■ YOUR ASSIGNMENT ■
Reproduce all records verbatim.
━━━ DATA RECORDS ━━━
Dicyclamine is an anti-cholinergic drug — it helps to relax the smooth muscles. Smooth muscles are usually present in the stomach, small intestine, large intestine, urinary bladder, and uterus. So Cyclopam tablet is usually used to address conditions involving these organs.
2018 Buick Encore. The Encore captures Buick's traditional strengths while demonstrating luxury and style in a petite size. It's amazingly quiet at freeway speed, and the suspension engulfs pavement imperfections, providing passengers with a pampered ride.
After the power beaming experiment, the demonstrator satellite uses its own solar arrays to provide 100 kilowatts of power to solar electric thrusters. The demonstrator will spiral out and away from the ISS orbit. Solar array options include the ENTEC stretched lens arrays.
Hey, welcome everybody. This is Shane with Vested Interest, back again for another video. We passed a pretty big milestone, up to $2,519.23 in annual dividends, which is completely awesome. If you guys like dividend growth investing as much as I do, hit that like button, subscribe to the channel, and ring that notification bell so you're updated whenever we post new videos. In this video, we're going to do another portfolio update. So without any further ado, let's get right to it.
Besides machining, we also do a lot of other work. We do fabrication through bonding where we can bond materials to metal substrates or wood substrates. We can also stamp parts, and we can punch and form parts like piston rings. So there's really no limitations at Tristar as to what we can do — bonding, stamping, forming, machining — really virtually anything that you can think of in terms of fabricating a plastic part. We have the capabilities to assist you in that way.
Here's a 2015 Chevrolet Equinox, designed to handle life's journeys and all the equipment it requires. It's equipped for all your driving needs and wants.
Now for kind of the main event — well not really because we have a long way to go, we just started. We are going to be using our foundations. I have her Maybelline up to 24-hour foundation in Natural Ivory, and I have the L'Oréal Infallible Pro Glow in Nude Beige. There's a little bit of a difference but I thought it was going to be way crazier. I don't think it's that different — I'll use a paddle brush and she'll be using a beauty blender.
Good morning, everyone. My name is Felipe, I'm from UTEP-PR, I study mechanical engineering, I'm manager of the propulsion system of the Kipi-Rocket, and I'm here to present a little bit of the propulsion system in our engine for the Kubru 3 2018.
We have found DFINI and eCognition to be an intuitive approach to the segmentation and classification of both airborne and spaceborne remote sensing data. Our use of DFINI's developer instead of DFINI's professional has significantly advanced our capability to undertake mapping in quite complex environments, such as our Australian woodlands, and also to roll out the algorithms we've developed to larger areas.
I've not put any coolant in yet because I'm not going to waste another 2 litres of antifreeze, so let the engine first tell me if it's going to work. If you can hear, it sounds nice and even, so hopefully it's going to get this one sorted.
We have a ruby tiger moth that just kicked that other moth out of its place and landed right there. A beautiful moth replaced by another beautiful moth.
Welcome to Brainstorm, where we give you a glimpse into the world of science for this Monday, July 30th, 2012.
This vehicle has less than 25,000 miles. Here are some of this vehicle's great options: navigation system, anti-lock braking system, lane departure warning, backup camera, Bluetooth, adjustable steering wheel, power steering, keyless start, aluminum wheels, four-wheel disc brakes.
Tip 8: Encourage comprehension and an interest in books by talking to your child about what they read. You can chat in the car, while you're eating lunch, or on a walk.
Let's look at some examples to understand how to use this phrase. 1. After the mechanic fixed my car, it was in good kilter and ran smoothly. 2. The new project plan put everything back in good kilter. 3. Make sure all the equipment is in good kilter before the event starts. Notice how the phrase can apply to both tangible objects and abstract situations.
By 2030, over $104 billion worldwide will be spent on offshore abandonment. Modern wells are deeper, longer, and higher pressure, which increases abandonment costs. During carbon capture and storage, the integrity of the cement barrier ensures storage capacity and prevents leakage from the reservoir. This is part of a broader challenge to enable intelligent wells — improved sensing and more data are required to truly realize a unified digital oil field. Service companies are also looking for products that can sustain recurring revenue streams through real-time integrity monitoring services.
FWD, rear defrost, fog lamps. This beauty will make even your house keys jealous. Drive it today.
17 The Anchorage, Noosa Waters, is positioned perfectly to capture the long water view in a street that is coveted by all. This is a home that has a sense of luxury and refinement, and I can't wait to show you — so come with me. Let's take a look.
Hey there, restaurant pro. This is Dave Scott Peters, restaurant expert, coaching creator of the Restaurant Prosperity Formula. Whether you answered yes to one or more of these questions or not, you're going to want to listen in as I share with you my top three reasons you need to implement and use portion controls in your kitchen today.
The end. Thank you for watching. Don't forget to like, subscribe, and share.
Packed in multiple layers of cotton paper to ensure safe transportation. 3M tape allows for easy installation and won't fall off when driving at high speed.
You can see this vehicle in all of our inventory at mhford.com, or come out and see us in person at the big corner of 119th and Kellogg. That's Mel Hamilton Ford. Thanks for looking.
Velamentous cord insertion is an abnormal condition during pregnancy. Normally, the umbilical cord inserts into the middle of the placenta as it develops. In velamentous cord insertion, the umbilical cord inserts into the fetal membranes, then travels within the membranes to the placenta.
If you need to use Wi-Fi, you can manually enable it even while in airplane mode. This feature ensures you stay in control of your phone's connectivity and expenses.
━━━
■ ANSWER SPACE ■
Dicyclamine is an anti-cholinergic drug — it helps to relax the smooth muscles. Smooth muscles are usually present in the stomach, small intestine, large intestine, urinary bladder, and uterus. So Cyclopam tablet is usually used to address conditions involving these organs.
2018 Buick Encore. The Encore captures Buick's traditional strengths while demonstrating luxury and style in a petite size. It's amazingly quiet at freeway speed, and the suspension engulfs pavement imperfections, providing passengers with a pampered ride.
After the power beaming experiment, the demonstrator satellite uses its own solar arrays to provide 100 kilowatts of power to solar electric thrusters. The demonstrator will spiral out and away from the ISS orbit. Solar array options include the ENTEC stretched lens arrays.
Hey, welcome everybody. This is Shane with Vested Interest, back again for another video. We passed a pretty big milestone, up to $2,519.23 in annual dividends, which is completely awesome. If you guys like dividend growth investing as much as I do, hit that like button, subscribe to the channel, and ring that notification bell so you're updated whenever we post new videos. In this video, we're going to do another portfolio update. So without any further ado, let's get right to it.
Besides machining, we also do a lot of other work. We do fabrication through bonding where we can bond materials to metal substrates or wood substrates. We can also stamp parts, and we can punch and form parts like piston rings. So there's really no limitations at Tristar as to what we can do — bonding, stamping, forming, machining — really virtually anything that you can think of in terms of fabricating a plastic part. We have the capabilities to assist you in that way.
Here's a 2015 Chevrolet Equinox, designed to handle life's journeys and all the equipment it requires. It's equipped for all your driving needs and wants.
Now for kind of the main event — well not really because we have a long way to go, we just started. We are going to be using our foundations. I have her Maybelline up to 24-hour foundation in Natural Ivory, and I have the L'Oréal Infallible Pro Glow in Nude Beige. There's a little bit of a difference but I thought it was going to be way crazier. I don't think it's that different — I'll use a paddle brush and she'll be using a beauty blender.
Good morning, everyone. My name is Felipe, I'm from UTEP-PR, I study mechanical engineering, I'm manager of the propulsion system of the Kipi-Rocket, and I'm here to present a little bit of the propulsion system in our engine for the Kubru 3 2018.
We have found DFINI and eCognition to be an intuitive approach to the segmentation and classification of both airborne and spaceborne remote sensing data. Our use of DFINI's developer instead of DFINI's professional has significantly advanced our capability to undertake mapping in quite complex environments, such as our Australian woodlands, and also to roll out the algorithms we've developed to larger areas.
I've not put any coolant in yet because I'm not going to waste another 2 litres of antifreeze, so let the engine first tell me if it's going to work. If you can hear, it sounds nice and even, so hopefully it's going to get this one sorted.
We have a ruby tiger moth that just kicked that other moth out of its place and landed right there. A beautiful moth replaced by another beautiful moth.
Welcome to Brainstorm, where we give you a glimpse into the world of science for this Monday, July 30th, 2012.
This vehicle has less than 25,000 miles. Here are some of this vehicle's great options: navigation system, anti-lock braking system, lane departure warning, backup camera, Bluetooth, adjustable steering wheel, power steering, keyless start, aluminum wheels, four-wheel disc brakes.
Tip 8: Encourage comprehension and an interest in books by talking to your child about what they read. You can chat in the car, while you're eating lunch, or on a walk.
Let's look at some examples to understand how to use this phrase. 1. After the mechanic fixed my car, it was in good kilter and ran smoothly. 2. The new project plan put everything back in good kilter. 3. Make sure all the equipment is in good kilter before the event starts. Notice how the phrase can apply to both tangible objects and abstract situations.
By 2030, over $104 billion worldwide will be spent on offshore abandonment. Modern wells are deeper, longer, and higher pressure, which increases abandonment costs. During carbon capture and storage, the integrity of the cement barrier ensures storage capacity and prevents leakage from the reservoir. This is part of a broader challenge to enable intelligent wells — improved sensing and more data are required to truly realize a unified digital oil field. Service companies are also looking for products that can sustain recurring revenue streams through real-time integrity monitoring services.
FWD, rear defrost, fog lamps. This beauty will make even your house keys jealous. Drive it today.
17 The Anchorage, Noosa Waters, is positioned perfectly to capture the long water view in a street that is coveted by all. This is a home that has a sense of luxury and refinement, and I can't wait to show you — so come with me. Let's take a look.
Hey there, restaurant pro. This is Dave Scott Peters, restaurant expert, coaching creator of the Restaurant Prosperity Formula. Whether you answered yes to one or more of these questions or not, you're going to want to listen in as I share with you my top three reasons you need to implement and use portion controls in your kitchen today.
The end. Thank you for watching. Don't forget to like, subscribe, and share.
Packed in multiple layers of cotton paper to ensure safe transportation. 3M tape allows for easy installation and won't fall off when driving at high speed.
You can see this vehicle in all of our inventory at mhford.com, or come out and see us in person at the big corner of 119th and Kellogg. That's Mel Hamilton Ford. Thanks for looking.
Velamentous cord insertion is an abnormal condition during pregnancy. Normally, the umbilical cord inserts into the middle of the placenta as it develops. In velamentous cord insertion, the umbilical cord inserts into the fetal membranes, then travels within the membranes to the placenta.
If you need to use Wi-Fi, you can manually enable it even while in airplane mode. This feature ensures you stay in control of your phone's connectivity and expenses.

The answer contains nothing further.